O tema central foi a criação de um contrato futuro do leite, instrumento que pode trazer mais previsibilidade aos preços e reduzir os riscos de mercado enfrentados pelos produtores.
O encontro, de autoria do próprio parlamentar, reuniu autoridades e representantes de todo o setor, entre eles Pedro Lupion, presidente da Frente Parlamentar da Agropecuária (FPA), a deputada Ana Paula Leão, presidente da Frente em Apoio ao Produtor de Leite, além de técnicos da Embrapa, CNA, EPAGRI, MDIC, Conab, B3 e Ministério da Agricultura.
Situação do setor
Durante a audiência, Cobalchini apresentou dados que reforçam a importância de Santa Catarina na produção de leite nacional e, ao mesmo tempo, a gravidade da crise que atinge o setor.
O estado é hoje o quarto maior produtor de leite do país, responsável por 10% da produção nacional. Em 2024, a pecuária e a indústria leiteira catarinenses movimentaram R$ 20 bilhões, gerando mais de 25 mil empregos formais.

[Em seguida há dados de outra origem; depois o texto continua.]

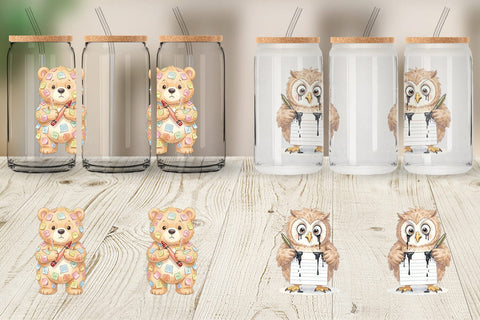 Glass Can Chaotic Study Animal Watercolor Sublimation artnoy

O Oeste catarinense responde por 77% de toda a produção estadual, com crescimento de 83% na última década e produtividade 52% maior, atingindo 46 mil litros por vaca ordenhada. A região se aproxima da liderança nacional, hoje ocupada pelo noroeste gaúcho.

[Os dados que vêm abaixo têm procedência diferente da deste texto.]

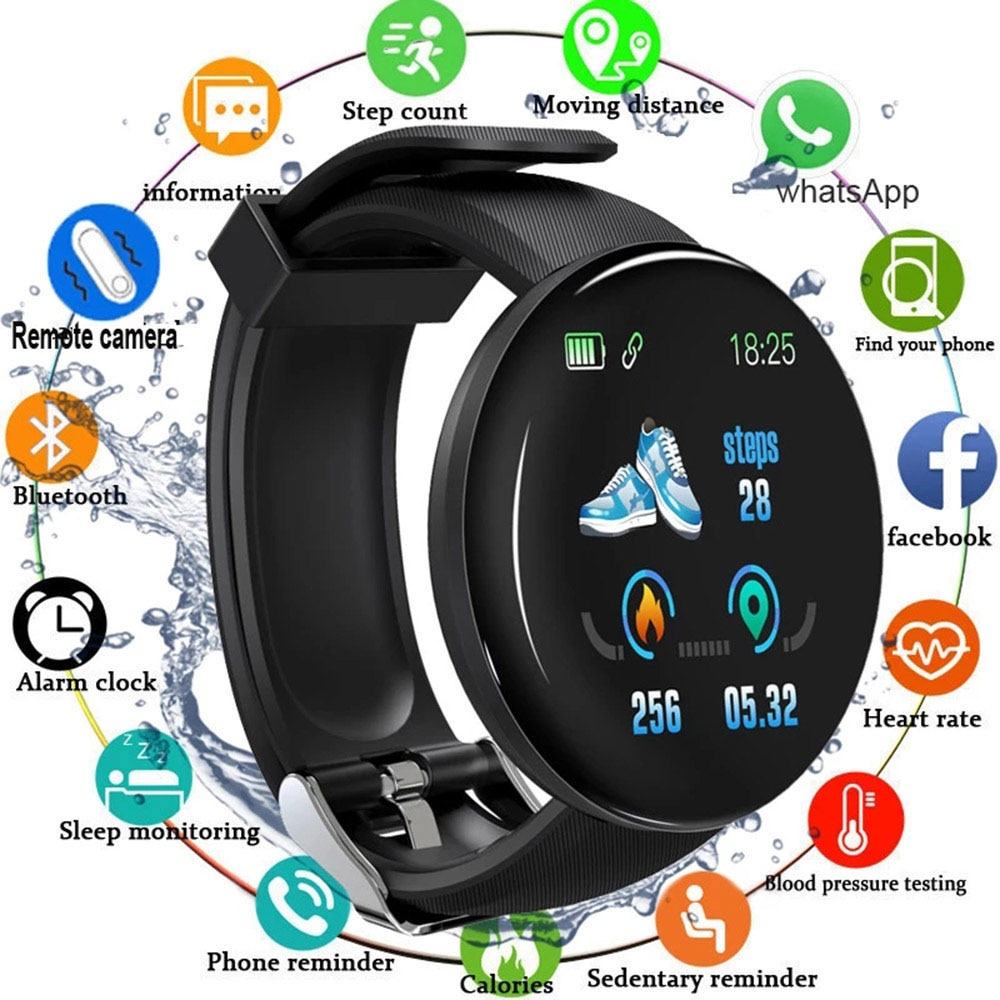 D18 Smartwatch Relógio Inteligente Redondo À Prova D'água Com Rastreador Fitness/Bluetooth Para Homens Suporte Detecção De Saúde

Apesar do avanço produtivo, os desafios são crescentes: 65% dos custos vêm da alimentação animal, e 38% dos produtores operam com custo médio de R$ 2,10 por litro — o que reduz significativamente as margens de lucro. Ao mesmo tempo, o preço médio do leite vem caindo e as importações de leite argentino triplicaram desde 2022, pressionando o mercado interno.
“Santa Catarina é referência em qualidade e produtividade, mas nossos produtores estão sendo penalizados por uma concorrência desleal e pela falta de previsibilidade no mercado”, alertou Cobalchini. “Precisamos garantir segurança e sustentabilidade para quem trabalha no campo.”
Propostas apresentadas
Como encaminhamento da audiência, o deputado apresentou um conjunto de medidas emergenciais e estruturais para proteger o produtor e reequilibrar o mercado nacional:
- Suspender temporariamente as importações de leite em pó e queijo muçarela do Mercosul por seis meses;
- Realizar auditoria nos Certificados Sanitários Internacionais (CSI) e nos critérios de qualidade dos produtos importados;
- Promover a compra pública estratégica de leite e derivados, via Conab e PAA, para aliviar o excedente interno e estabilizar preços;
- Harmonizar os sistemas de inspeção (SIF, SISBI, SIE e SIM), garantindo padrões sanitários equivalentes em todo o país;
- Revisar a carga tributária do setor, assegurando isonomia competitiva;
- Fiscalizar rigorosamente a rotulagem de produtos importados, garantindo igualdade de tratamento às indústrias nacionais;
- Disponibilizar crédito subsidiado pelo Banco do Brasil, Caixa e BNDES, com carência entre 7 e 15 anos, juros zero e renegociação das dívidas contraídas na crise de 2023;
- Implantar o mercado futuro do leite, permitindo que o produtor venda seu produto com preço mínimo garantido.
Cobalchini encerrou o debate destacando que as medidas são fundamentais para “garantir o equilíbrio da cadeia produtiva, preservar a renda no campo e assegurar a continuidade de uma atividade que é essencial para a economia catarinense e para a segurança alimentar do país”.